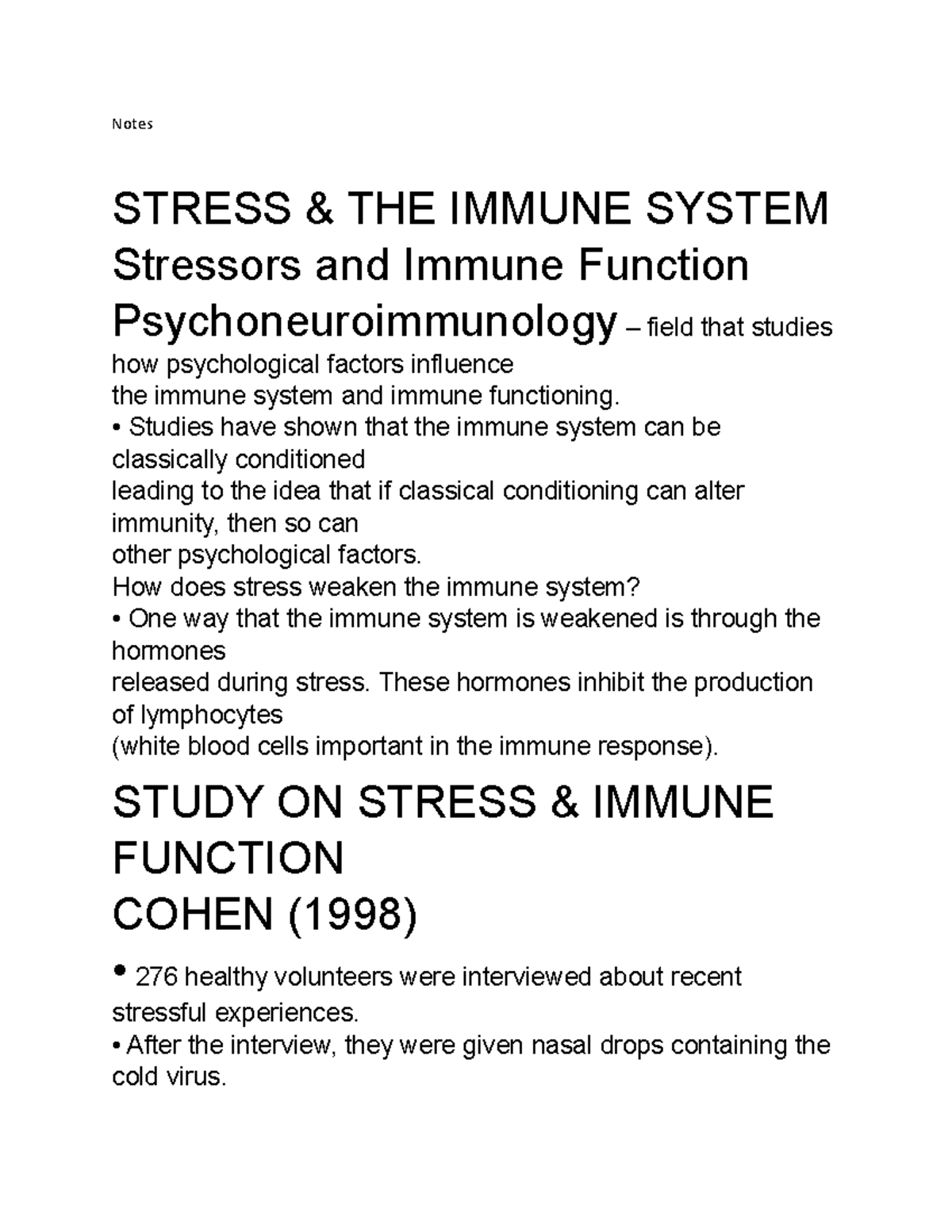 Document 168 - health and wellness - Notes STRESS & THE IMMUNE SYSTEM ...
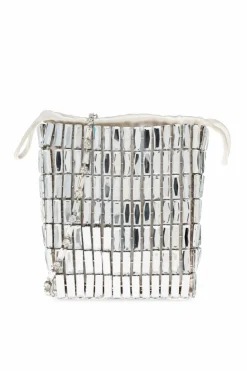 Self-Portrait SILVER Shoulder bag with shimmering crystals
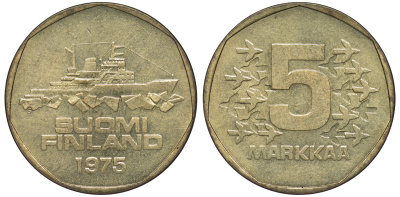 ФИНЛЯНДИЯ 5 МАРОК 1975 S, КОРАБЛЬ KM 53 алюминиевая бронза 3334-321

____________________

**DIRECTIONS FOR THIS TASK**
Repeat the data exactly, dropping every picture it holds.

**RESPONSE**
 Document 168 - health and wellness - Notes STRESS & THE IMMUNE SYSTEM ...
 Self-Portrait SILVER Shoulder bag with shimmering crystals
 ФИНЛЯНДИЯ 5 МАРОК 1975 S, КОРАБЛЬ KM 53 алюминиевая бронза 3334-321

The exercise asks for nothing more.